- Industrial Change

Industrial Change (page 1 of 2)

Treasures of American History

Innovation has been celebrated in the United States for creating national well-being and exemplifying personal achievement. For some people, invention was a means for obtaining individual wealth; for others it was a strategy for solving technical problems or dealing with labor issues.

The ultimate effect of new technology is often hard to predict. Inventions sometimes enhance productivity, lower costs, and increase consumer choice. Other times there are unanticipated consequences that can create social and economic upheaval.

Howe Sewing Machine, 1846

The technical challenge of mechanizing the handcraft of sewing thwarted inventors for years. Elias Howe is credited by many with developing the first practical sewing machine in 1846, but initially the public ignored it.

Colt Paterson Revolver No. 5, 1839

Samuel Colt patented the modern form of the revolver in 1836 and continued to make improvements in later years. The pistol eventually won popular acclaim on the frontier and inspired a popular 19th-century saying: “God made all Men, Samuel Colt made them equal.”

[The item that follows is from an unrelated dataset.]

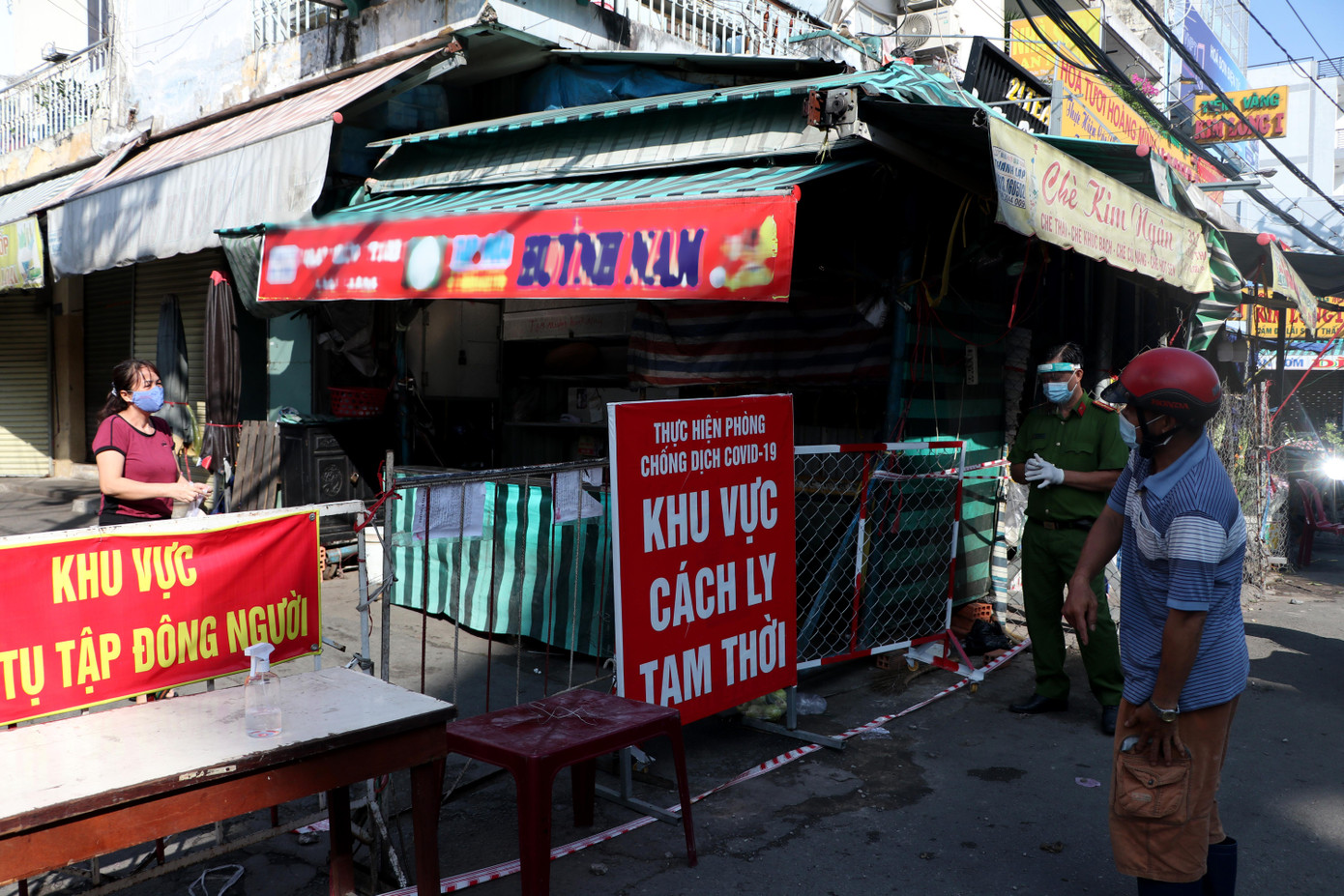 Phong tỏa chợ An Nhơn, quận Gò Vấp, TPHCM ngày 6/7. Ảnh: ngô bình Phong tỏa chợ An Nhơn, quận Gò Vấp, TPHCM ngày 6/7. Ảnh: ngô bình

Colt’s factory was as innovative as the guns he sold. He used interchangeable parts, specialized power-driven machines, and division of labor in what came to be known as the “American system” of production.

Singer Sewing Machine, 1851

Isaac Singer patented some improvements to the sewing machine, but his big contribution was marketing. Through staged competitions and the use of installment credit plans, Singer largely created consumer demand for sewing machines.